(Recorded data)
● ● ● ●
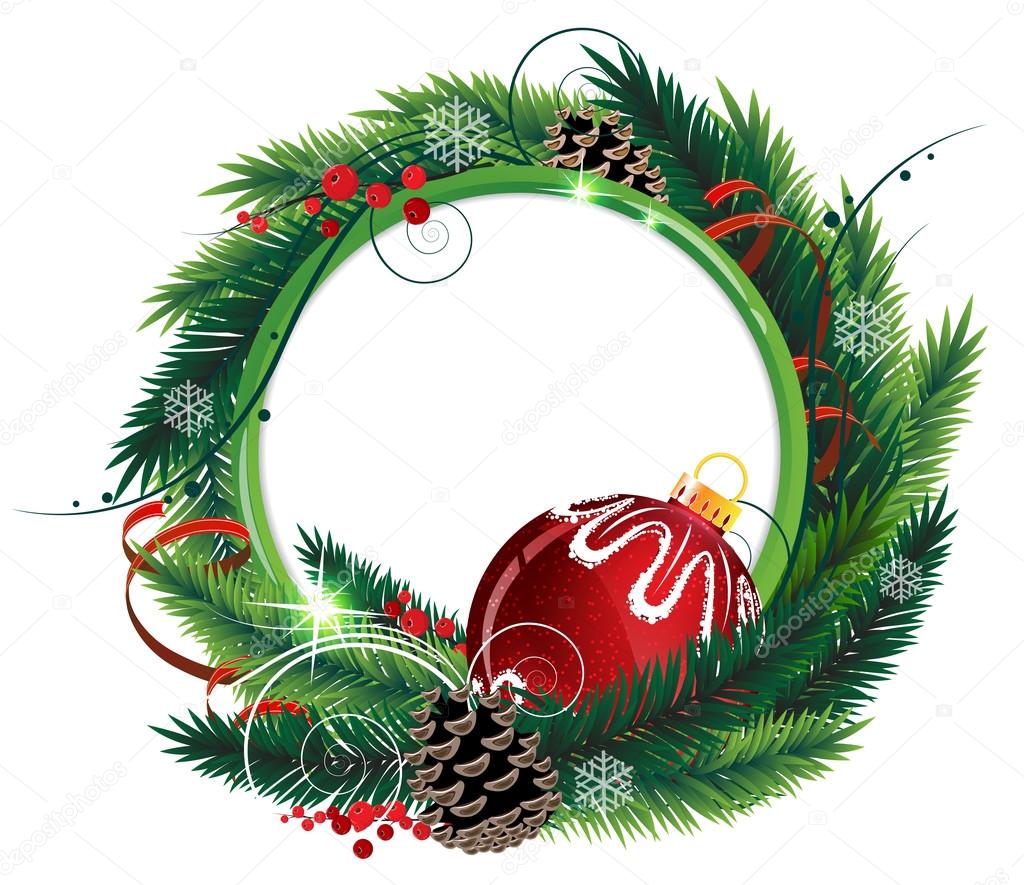 Christmas wreath with red bauble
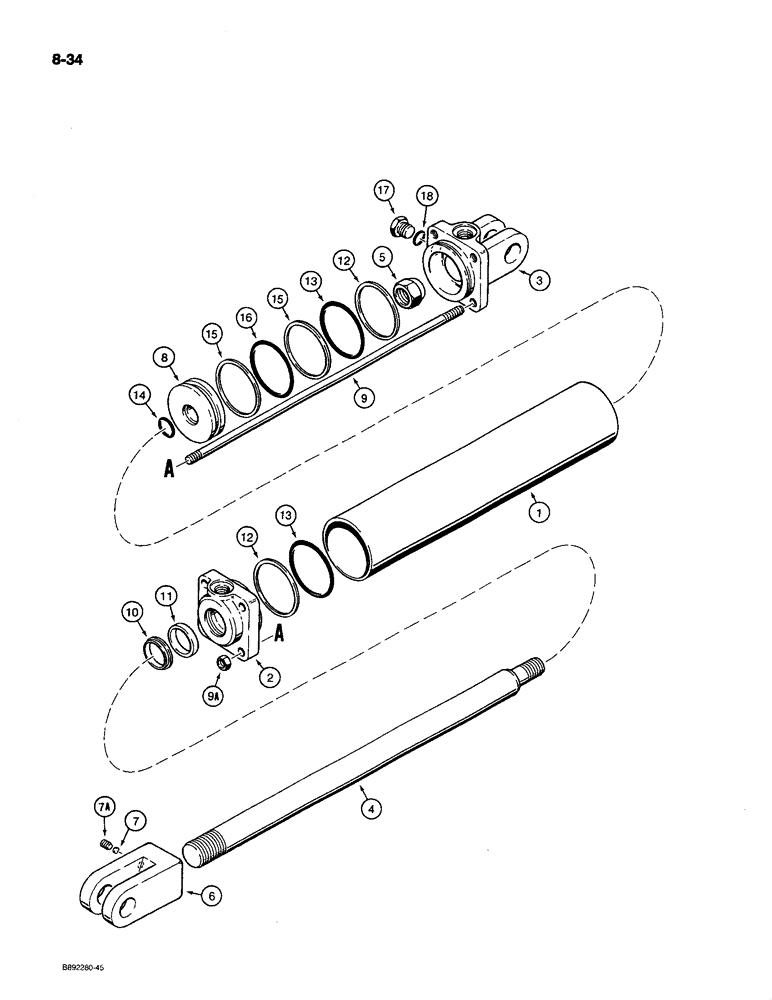 Схема запчастей Case IH 780 - (8-34) - TRANSPORT LIFT CYLINDER, 84994C91, TIE-BOLT TYPE, 3-1/2 INCH ID (08) - HYDRAULICS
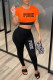 Orange Casual Street Letter Print Contrast O Neck Short Sleeve Two Pieces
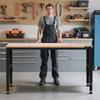 VEVOR Adjustable Workbench, 907 kg Capacity, 155 x 51 cm Heavy Duty Work Bench with 68.8-91.4 cm Height Adjustment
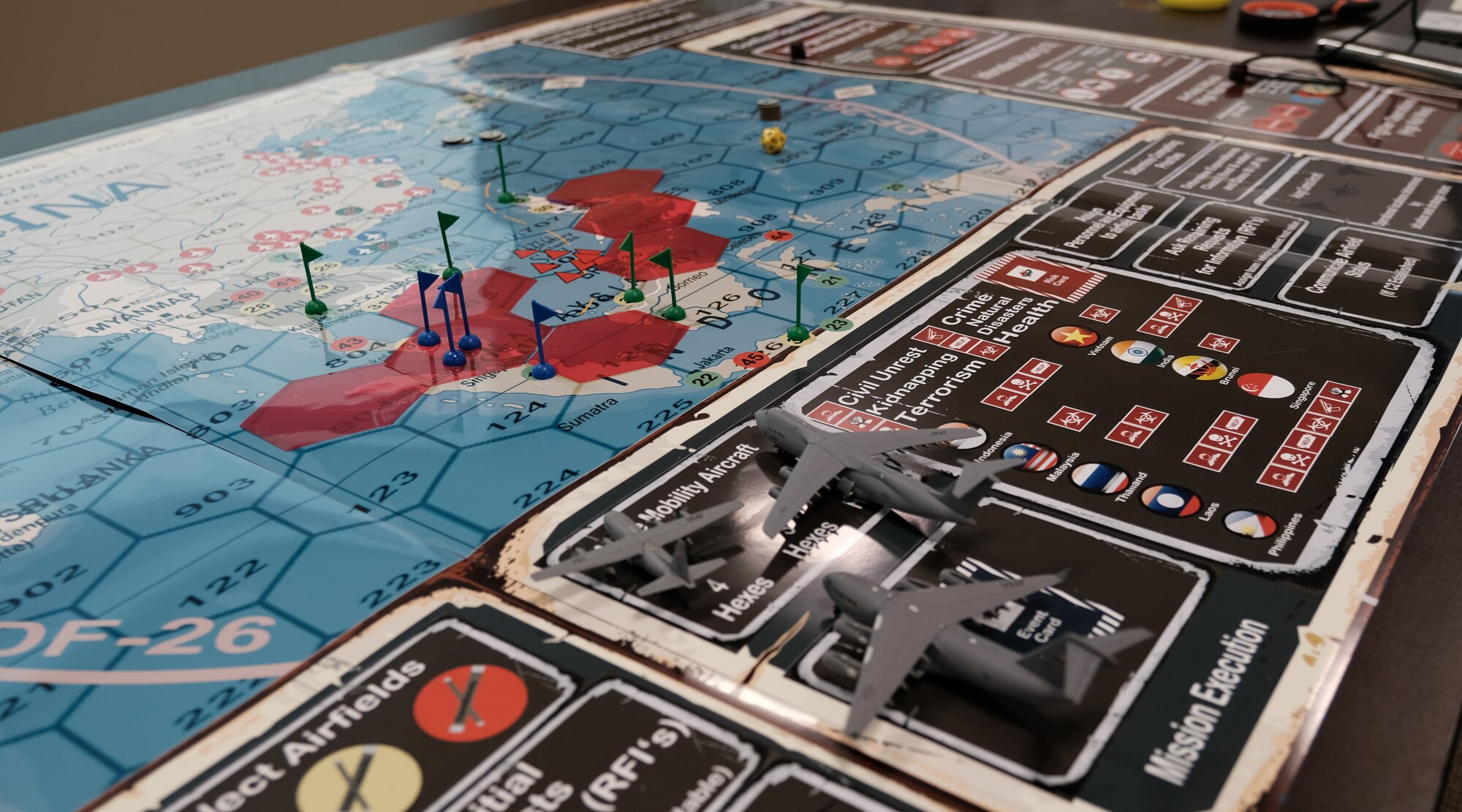 photo of board game with miniature planes and flags on a map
● ● ● ●
Exercise goal: Exactly as written, set down the lines from the line holding "VEVOR Adjustable Workbench, 907" to the last line of the data, both ends included, pictures excluded.

Exercise response:
 VEVOR Adjustable Workbench, 907 kg Capacity, 155 x 51 cm Heavy Duty Work Bench with 68.8-91.4 cm Height Adjustment
 photo of board game with miniature planes and flags on a map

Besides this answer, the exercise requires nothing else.